Original frontman Steven Page’s incredible voice and wry, honest songwriting set the band apart — but as the group’s career progressed, guitarist Ed Robertson gradually took the spotlight and turned it into a generic alt-pop band. After Page left the group in 2009, Robertson became the official frontman. The following year, the band then released “All In Good Time,” an album full of adult-contemporary schlock.
The Ladies’ latest release, “Grinning Streak,” which came out June 4, is utterly indistinguishable from its predecessor, proving that every ounce of originality left when Page did. Each song plods along at the same tepid pace, with the same dull chord progressions and overly sanitized production, removing every possible edge or deviation from the formula of repetitive acoustic strumming, stolid drums and vaguely cheerful, meaningless lyrics.
Kevin Hearn, whose instruments include keyboards, accordion, guitar, mandolin, banjo and harmonica, stands out here, as he did on “All In Good Time.” His melodic interludes on “Smile,” with their simple, repetitive melody punctuated by handclaps, and his original composition, “Daydreamin’,” which ends with a beautiful keyboard-and-synthesizer coda, provide welcome sparks of energy.
But Hearn is not the driving force behind this album — Robertson is, and his compositions, including cliche-ridden lead single “Boomerang” and the needlessly lengthy “Crawl,” which meanders along aimlessly for nearly seven minutes, are painfully ordinary.

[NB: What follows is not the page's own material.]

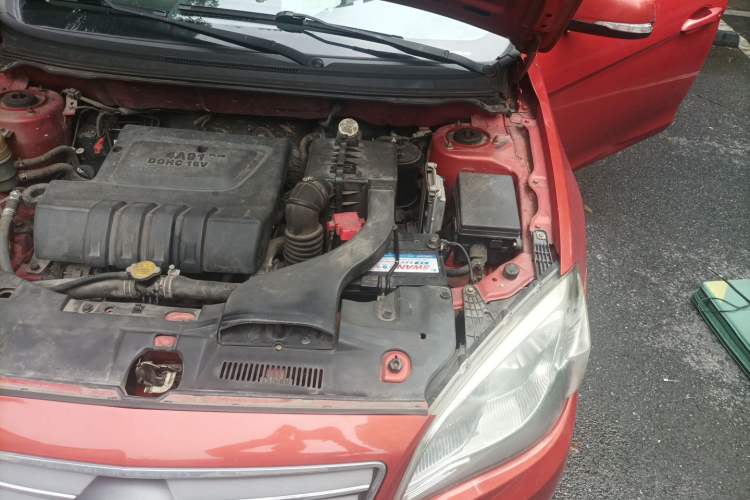 Used Soueast V6 Lingshi 2013 1.5L Manual Comfort Edition Engine Bay Left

Whatever happened to the peppy fun of 2001’s “It’s Only Me (The Wizard of Magicland)” and the sheer manic intensity of 1996’s “Straw Hat And Old Dirty Hank?” The wonderful quirkiness this band used to be famous for has been replaced with outdated banality.
Sadly, a group that could once give The Decemberists a run for their money has been reduced to churning out easy-listening pablum. There’s no doubt that The Ladies will make more of these albums, but for longtime fans who love the band’s old sound, the grinning streak is over.